Restate word for word the part of the material that runs from the line containing "图片[2]-＃S2纯原 AD Originals" through its final line, inclusive, minus the pictures.

GIVEN INFORMATION:
──────

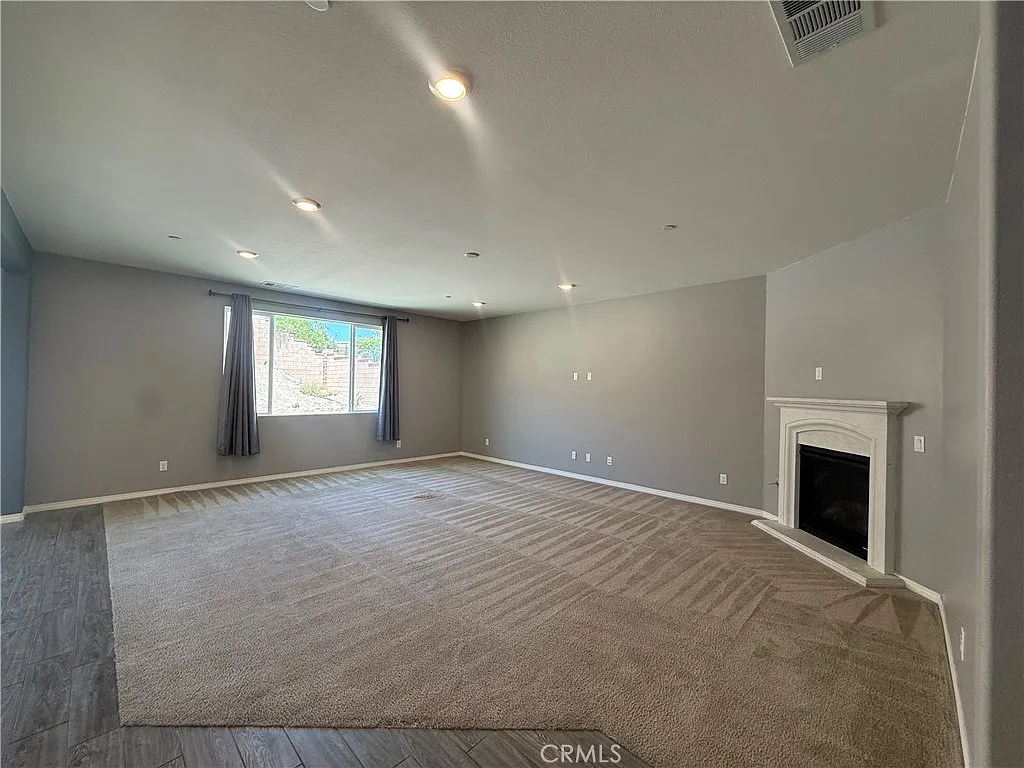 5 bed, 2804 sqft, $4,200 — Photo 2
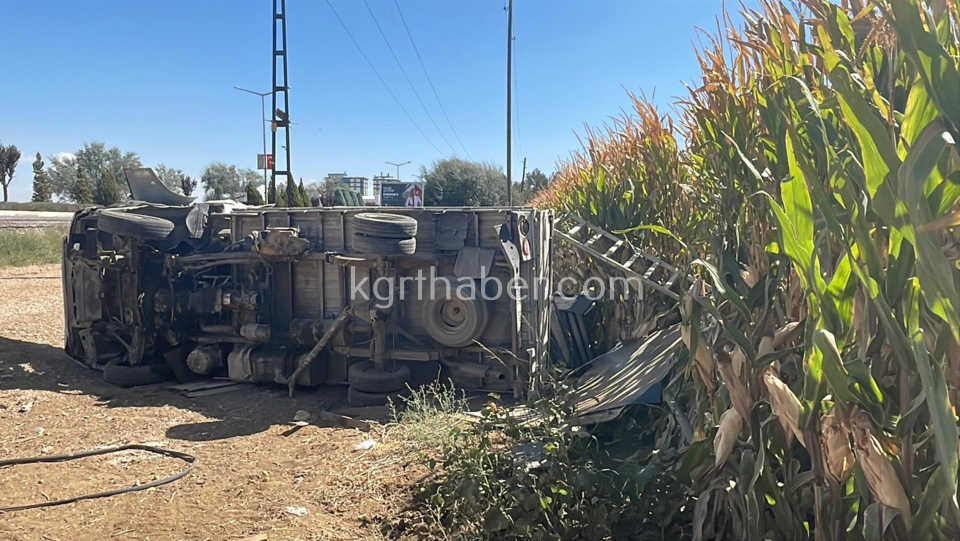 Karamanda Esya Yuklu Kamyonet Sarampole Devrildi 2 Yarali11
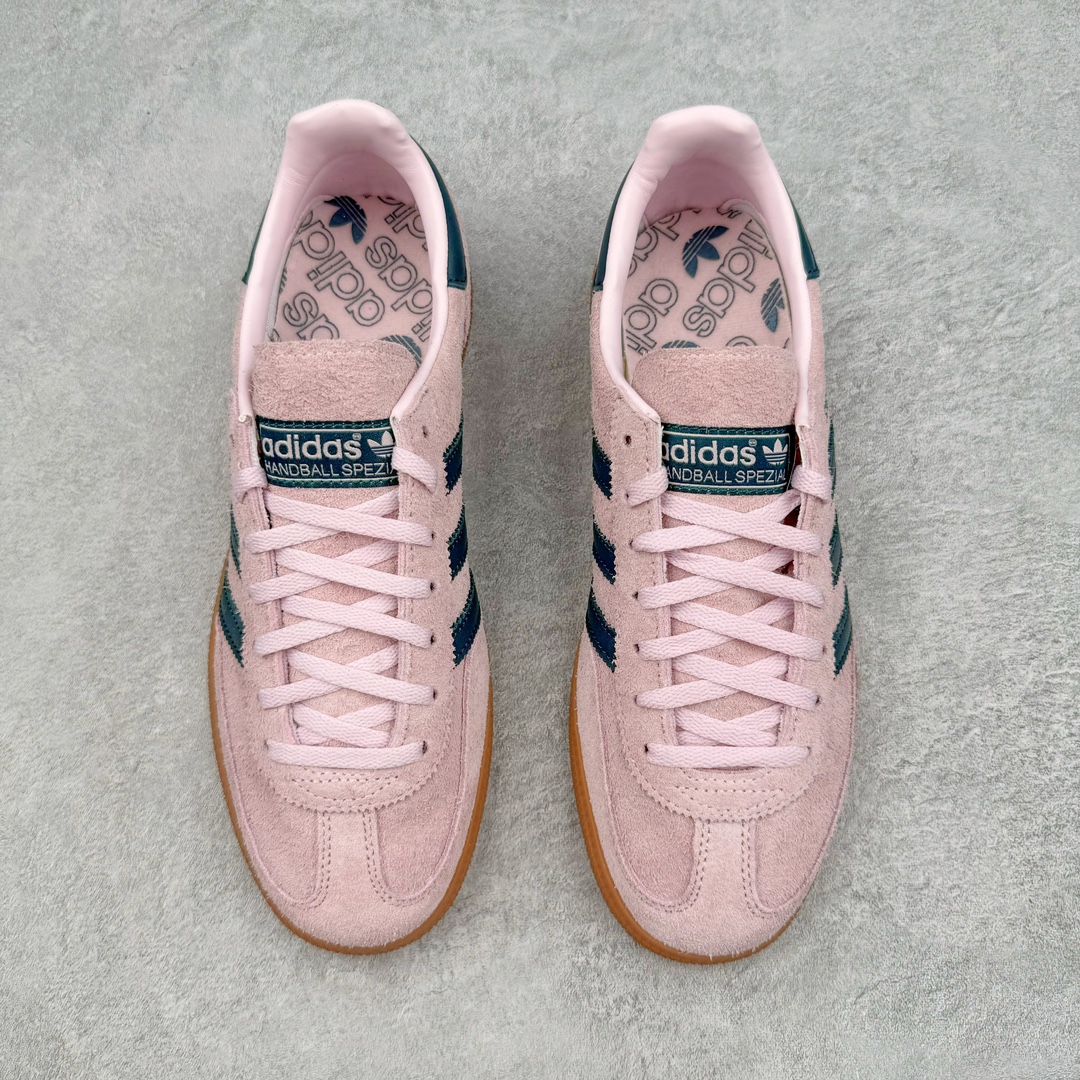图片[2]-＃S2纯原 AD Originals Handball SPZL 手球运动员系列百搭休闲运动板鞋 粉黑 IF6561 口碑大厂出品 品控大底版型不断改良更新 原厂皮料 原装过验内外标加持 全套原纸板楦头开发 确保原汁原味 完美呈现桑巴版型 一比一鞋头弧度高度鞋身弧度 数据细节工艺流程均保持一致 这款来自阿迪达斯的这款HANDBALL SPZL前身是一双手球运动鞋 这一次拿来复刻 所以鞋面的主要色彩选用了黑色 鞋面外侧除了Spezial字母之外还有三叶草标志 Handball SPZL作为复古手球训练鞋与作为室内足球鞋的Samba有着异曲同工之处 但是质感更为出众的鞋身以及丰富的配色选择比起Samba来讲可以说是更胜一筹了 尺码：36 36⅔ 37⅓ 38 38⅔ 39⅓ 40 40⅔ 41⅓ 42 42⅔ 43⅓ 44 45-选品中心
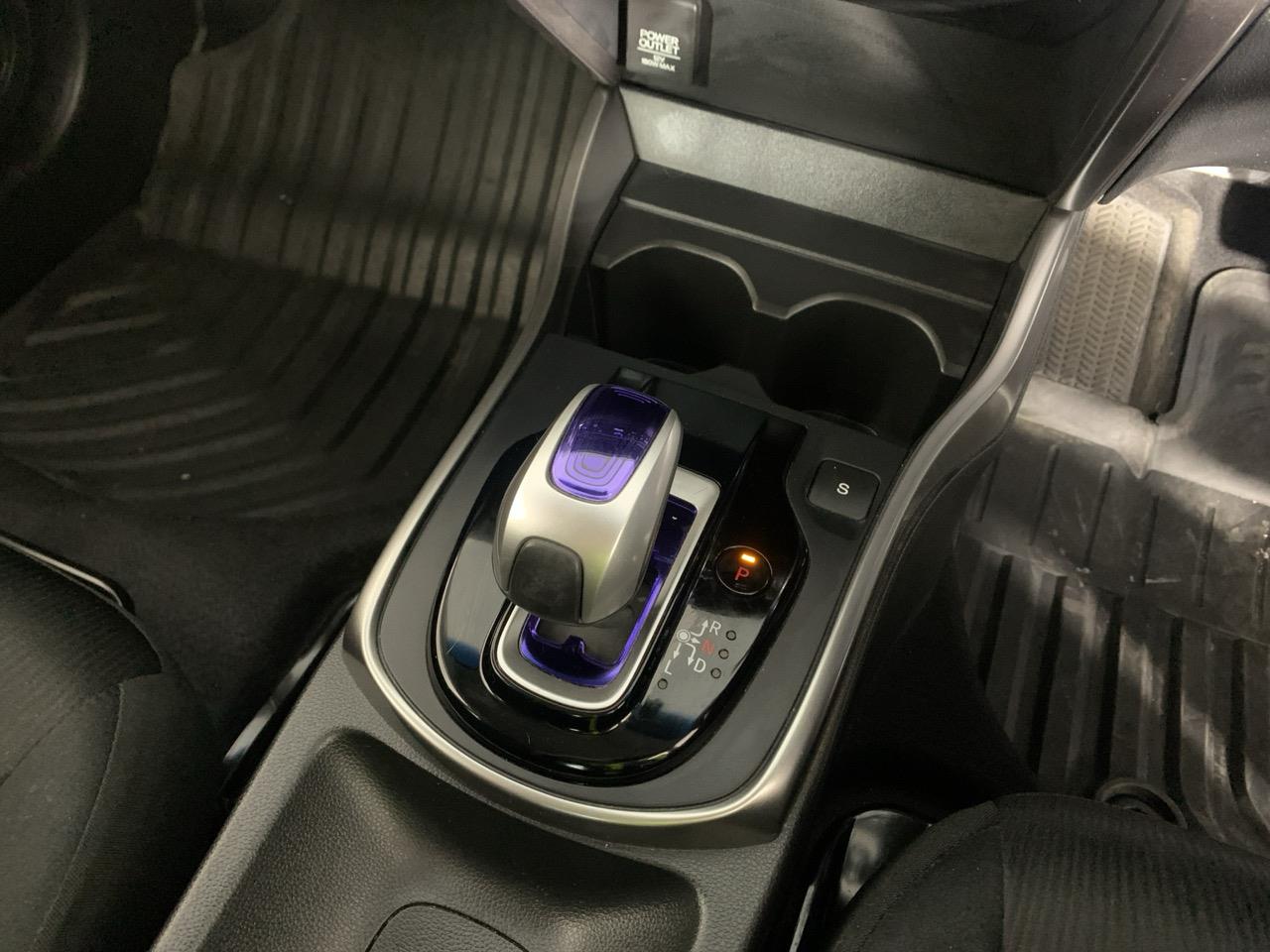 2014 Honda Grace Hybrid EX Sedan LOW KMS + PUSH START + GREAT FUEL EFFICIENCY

──────

SOLUTION TO THIS EXERCISE:
图片[2]-＃S2纯原 AD Originals Handball SPZL 手球运动员系列百搭休闲运动板鞋 粉黑 IF6561 口碑大厂出品 品控大底版型不断改良更新 原厂皮料 原装过验内外标加持 全套原纸板楦头开发 确保原汁原味 完美呈现桑巴版型 一比一鞋头弧度高度鞋身弧度 数据细节工艺流程均保持一致 这款来自阿迪达斯的这款HANDBALL SPZL前身是一双手球运动鞋 这一次拿来复刻 所以鞋面的主要色彩选用了黑色 鞋面外侧除了Spezial字母之外还有三叶草标志 Handball SPZL作为复古手球训练鞋与作为室内足球鞋的Samba有着异曲同工之处 但是质感更为出众的鞋身以及丰富的配色选择比起Samba来讲可以说是更胜一筹了 尺码：36 36⅔ 37⅓ 38 38⅔ 39⅓ 40 40⅔ 41⅓ 42 42⅔ 43⅓ 44 45-选品中心
 2014 Honda Grace Hybrid EX Sedan LOW KMS + PUSH START + GREAT FUEL EFFICIENCY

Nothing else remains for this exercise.